L'activité traduisante a un autre aspect chez YOURCENAR, elle réside dans sa recherche forcenée de rencontrer l'Autre. La découverte des littératures éloignées de la tradition gréco-latine et la civilisation européenne avait été l'un des vecteurs essentiels de sa connaissance du monde et des hommes témoignant le contenu cosmopolite de sa bibliothèque et son besoin irrépressible de voyage. La traduction devient un espace fertile pour quêter l'Autre comme figure d'une altérité à apprivoiser, certes, mais, c'est l'homme universel que recherche Marguerite Yourcenar car cette part d'universalité transforme l'Autre en une incarnation de Soi. Autrement dit, elle recherche Soi en la traduction de l'Autre.
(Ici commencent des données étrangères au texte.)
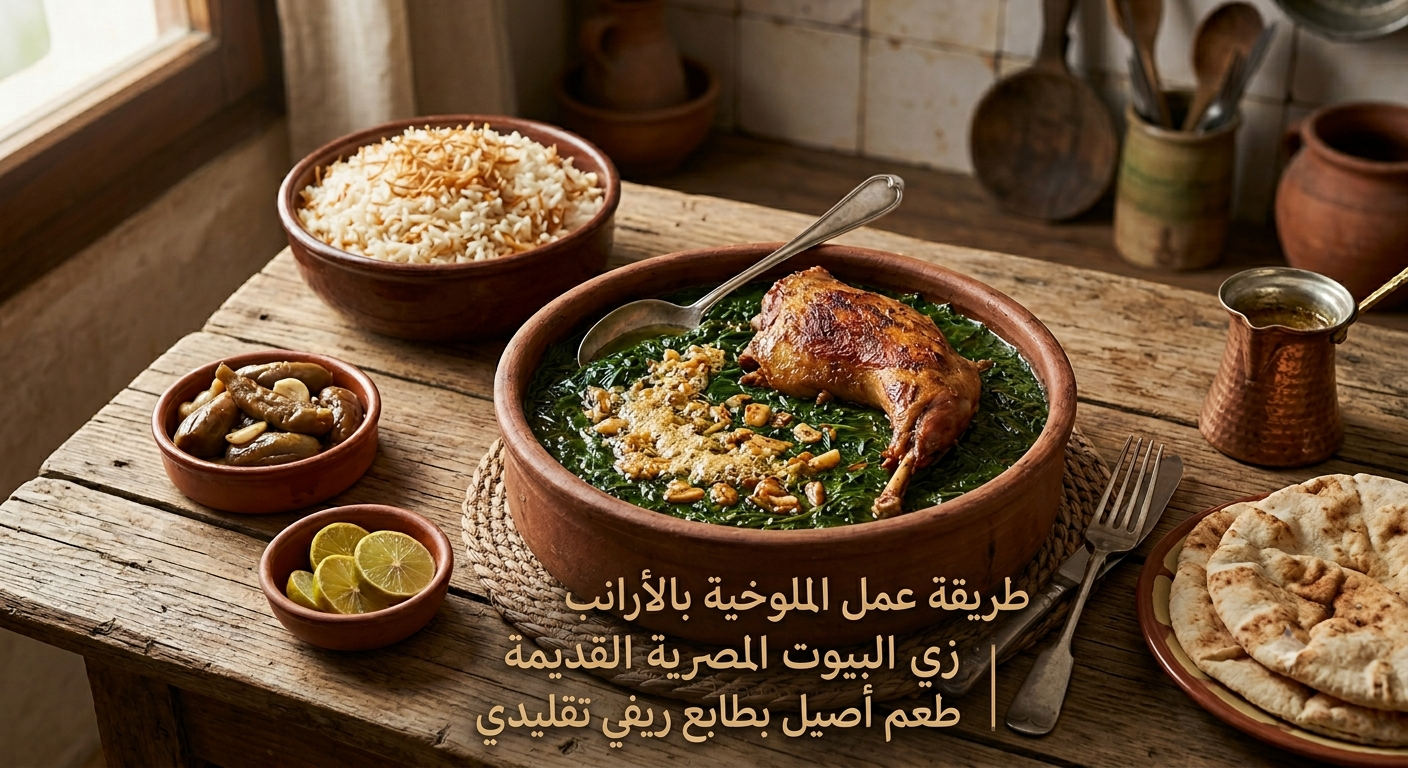 طريقة عمل الملوخية بالأرانب زي البيوت المصرية القديمة | طعم أصيل بطابع ريفي تقليدي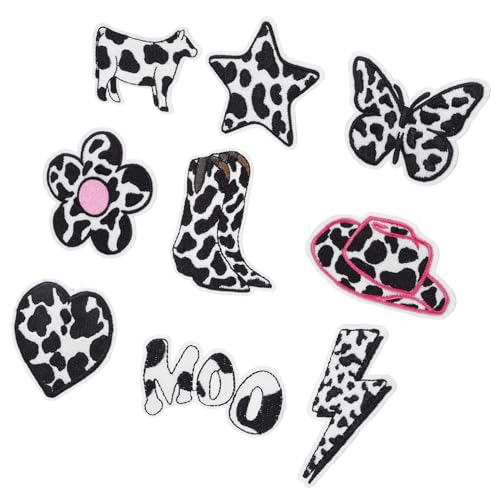 Homoyoyo 9 Stück Teiliges Lustige Schwarze und Weiße Aufnäher zum Aufbügeln Kreative Stoffapplikationen mit Kuh und Herzdesigns Selbstklebend für DIY Kleidung Reparatur und Individuelle Homoyoyo 9 Stück Teiliges Lustige Schwarze und Weiße Aufnäher zum Aufbügeln Kreative Stoffapplikationen mit Kuh und Herzdesigns Selbstklebend für DIY Kleidung Reparatur und Individuelle von Homoyoyo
Elle traduit par désir de découverte d'un nouveau pays, d'une nouvelle culture. La traduction est, pour elle, un moyen de s'approprier un temps-espace, un univers culturel et esthétique différent d'elle. Derrière cette activité traduisante, c'est sa propre conception de la création qui esquisse. L'oeuvre yourcenarienne est marquée par l'avènement d'une traduction sans frontières, crée une sorte de mutation de la traduction ouvrant la voie aux procédés d'écriture dont l'empreinte se transmute en ‘citation' et en ‘magie'. Traduire pour créer

La traduction représente une part non négligeable de l'oeuvre de YOURCENAR. La traduction est pour elle un prolongement naturel de son écriture romanesque. Traduire c'est créer car traduire est comme écrire; l'auteur devient un passeur.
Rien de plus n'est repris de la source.